Des mesures volontaristes pour améliorer enfin la lutte contre les déserts médicaux



J'ai déposé une question écrite le 25 janvier 2022 pour interroger le ministre des solidarités et de la santé sur les voies et les moyens volontaristes d'améliorer enfin l'offre médicale dans les territoires fragiles, notamment ruraux, où les déserts médicaux continuent de gagner du terrain en raison de la crise sanitaire et en dépit des mesures déjà prises par le Gouvernement. Dans l'attente de la réponse du ministre, vous trouverez ci-après le texte de ma question.


Question publiée au Journal Officiel le 25 janvier 2022


M. André Villiers interroge M. le ministre des solidarités et de la santé sur les voies et les moyens volontaristes d'améliorer enfin l'offre médicale dans les territoires fragiles, notamment ruraux, où les déserts médicaux continuent de gagner du terrain en raison de la crise sanitaire et en dépit des mesures déjà prises par le Gouvernement.


D'après le rapport d'information « Déserts médicaux : L'État doit enfin prendre des mesures courageuses ! » fait en 2020 par les sénateurs Hervé Maurey et Jean-François Longeot, 6 à 8 millions de personnes vivent dans un « désert médical », soit 9 à 12 % de la population française.


Si une commune sur trois - à la campagne comme à la ville - se trouve dans un désert médical, l'accès aux soins est particulièrement inégal. Les écarts de densité médicale entre départements varient de 1 à 3 pour les médecins généralistes et de 1 à 8 pour les spécialistes. Treize départements ne comptent plus un seul gynécologue médical et la plupart des généralistes qui partent à la retraite ne sont pas remplacés. Pendant que les cabinets médicaux se vident et que les urgences ferment, certains patients renoncent alors au médecin traitant. Selon l'Association des maires ruraux de France, le risque de mourir est 12 % plus élevé pour une personne vivant en milieu rural qu'en ville.


La crise sanitaire a encore aggravé la situation, avec les départs et les reconversions de praticiens.

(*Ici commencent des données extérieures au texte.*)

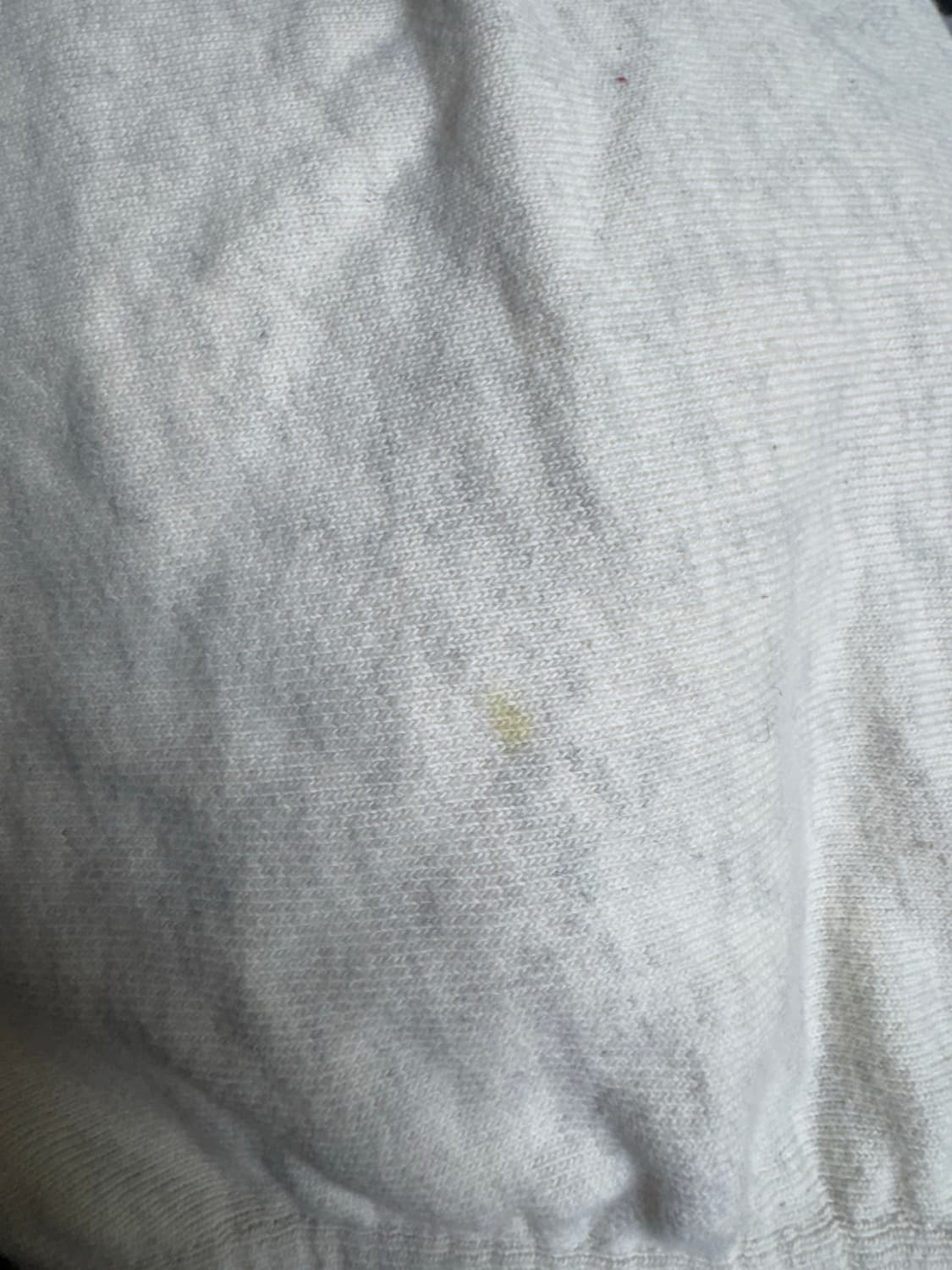 챔피온 리버스위브 프렌치 테리 스웻팬츠 오트밀 M 상품이미지8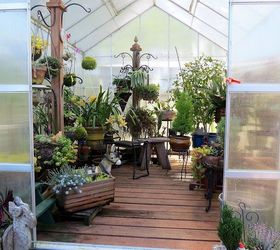 my spring garden, flowers, gardening, outdoor living, succulents, Inside my greenhouse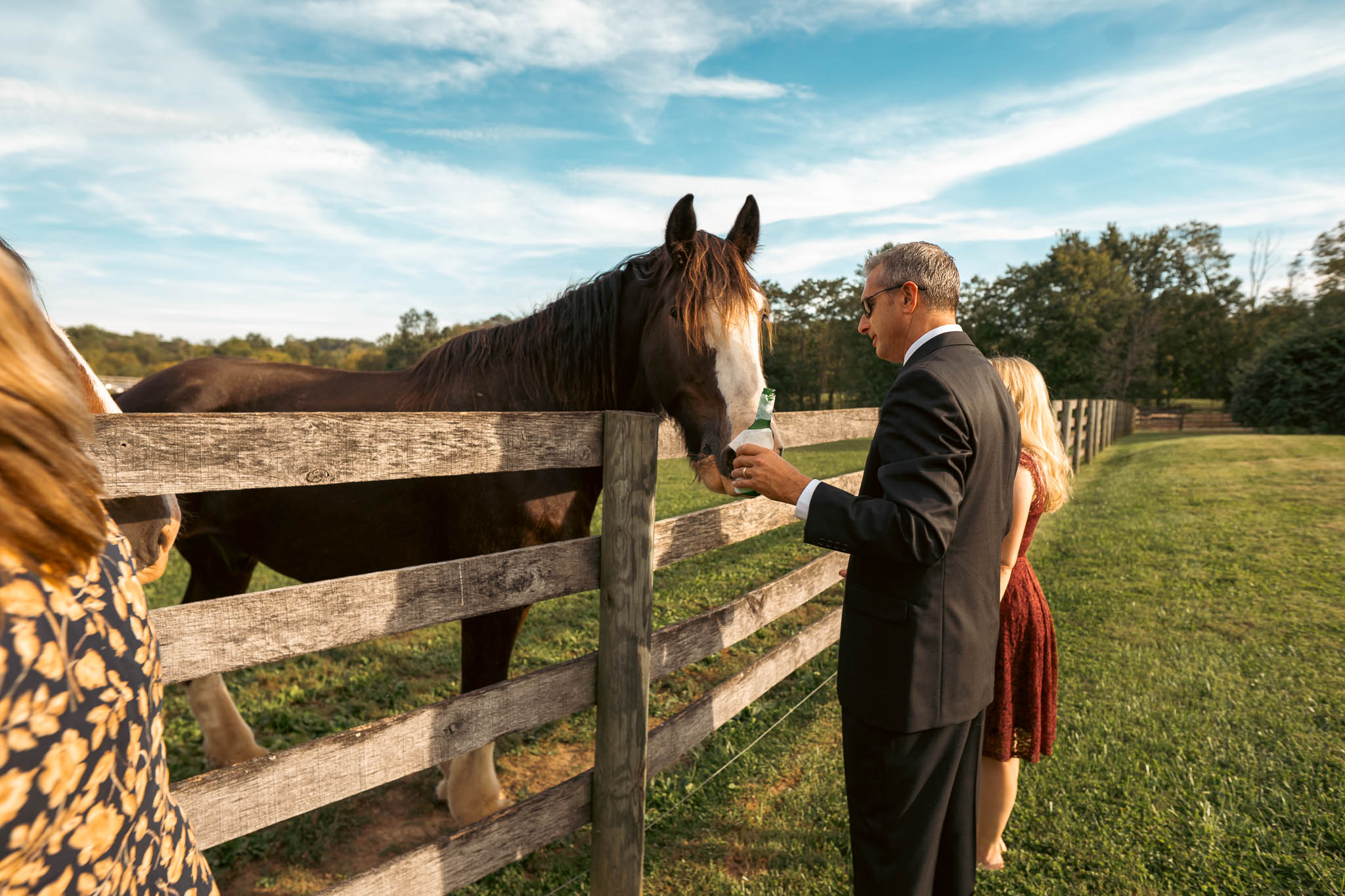 Wedding guest greeting a draft horse at the paddock fence — Sylvanside Farm wedding in Purcellville, Virginia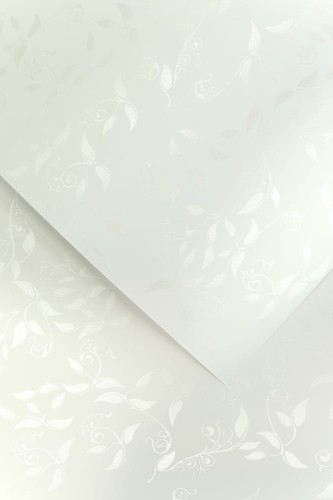 Papier wizytówkowy Liana A-4 Galeria Papieru, 20 arkuszy, biały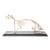 Rabbit Skeleton, Articulated, 1020985 [T300081], Evcil (Small)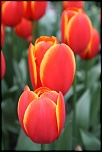 -img_2266.jpg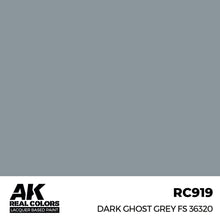 Load image into Gallery viewer, AK Interactive RC919 Real Colors Dark Ghost Grey FS 36320 17ml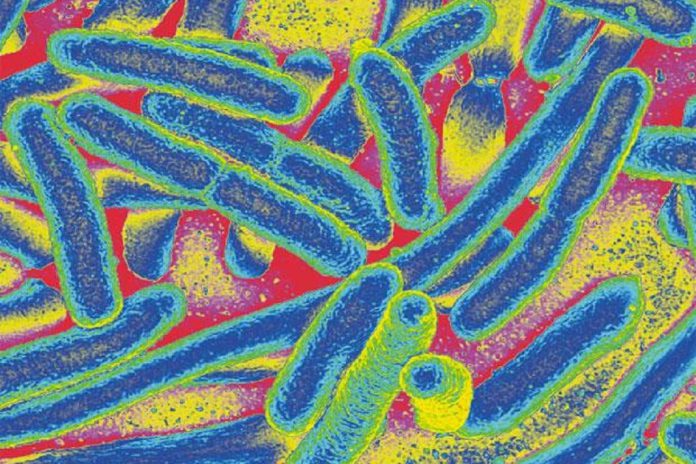 Bactérias E. coli coloridas em gradiente de calor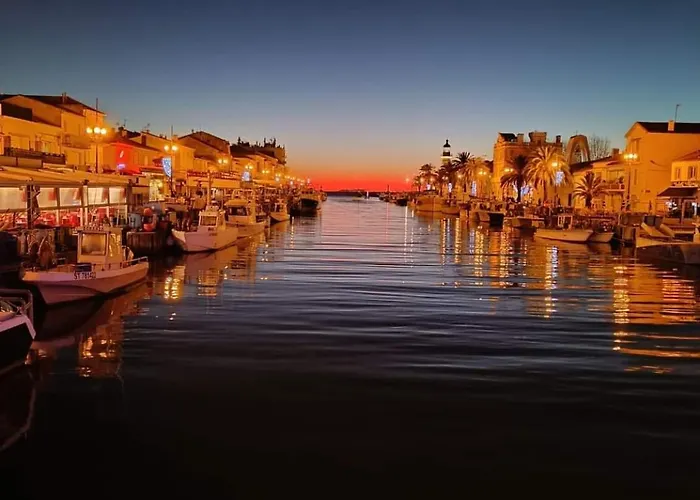 Appartement 3 Pieces - Du Roi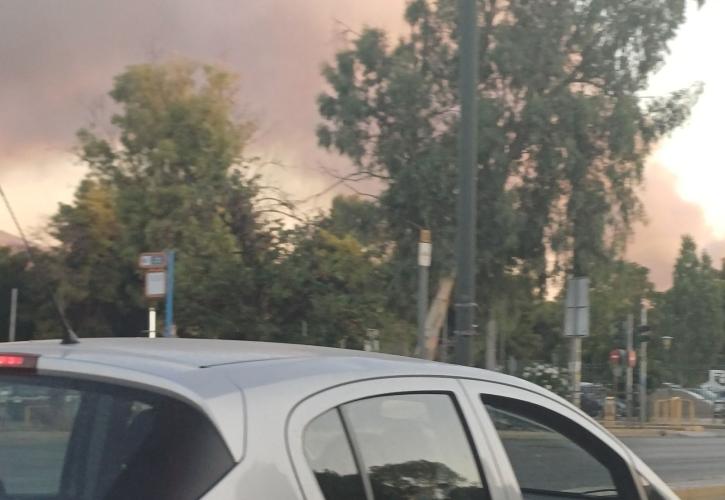 Πυρκαγιά στο παλιό κτήριο του Μπάντμιντον στο Πάρκο Γουδή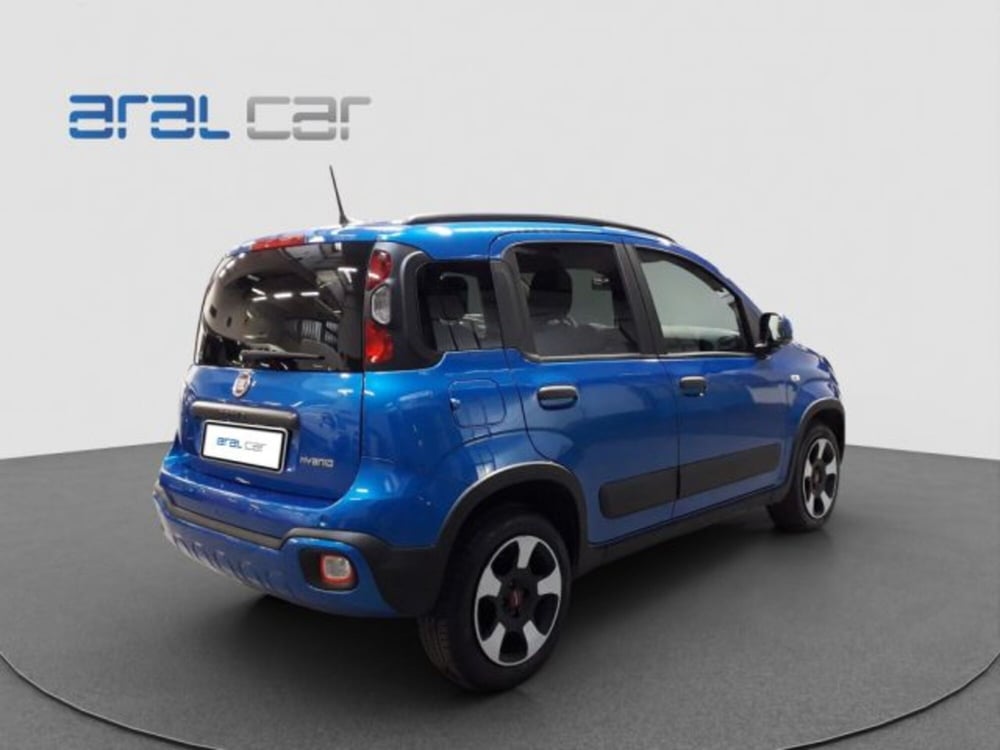 Fiat Panda Cross usata a Torino (6)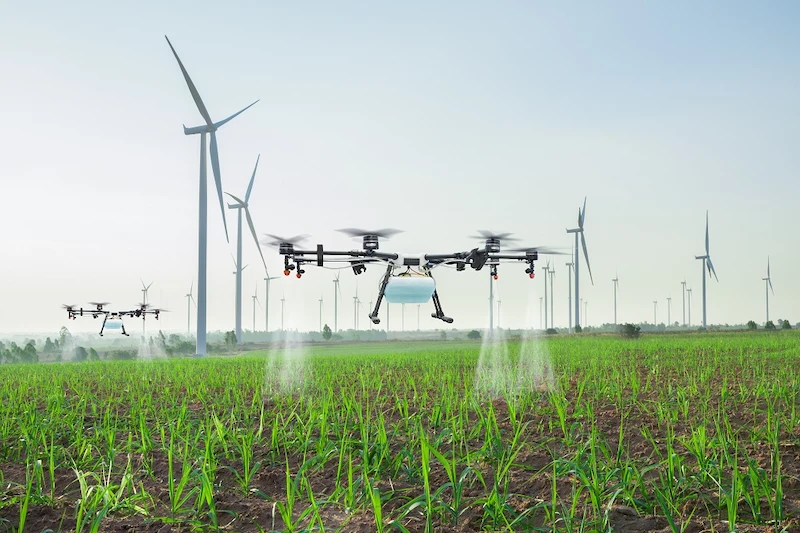 Drones na plantação de cana de açúcar aplicando herbicidas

Le Gouvernement a pourtant multiplié les actions incitatives, notamment pour libérer du temps médical aux médecins : aides financières à l'installation dans les déserts médicaux, suppression du numerus clausus pour former plus de praticiens, facilitation du recrutement d'auxiliaires médicaux dont le salaire est pris en charge à 80 % par la sécurité sociale, création des infirmières de pratique avancée (IPA) pour le suivi des patients chroniques, délégation de certaines tâches aux paramédicaux, multiplication des maisons de santé pluriprofessionnelles (MSP) favorisant le travail collectif davantage recherché par la jeune génération et où les praticiens peuvent déléguer certaines tâches à d'autres soignants, aide à la télémédecine etc.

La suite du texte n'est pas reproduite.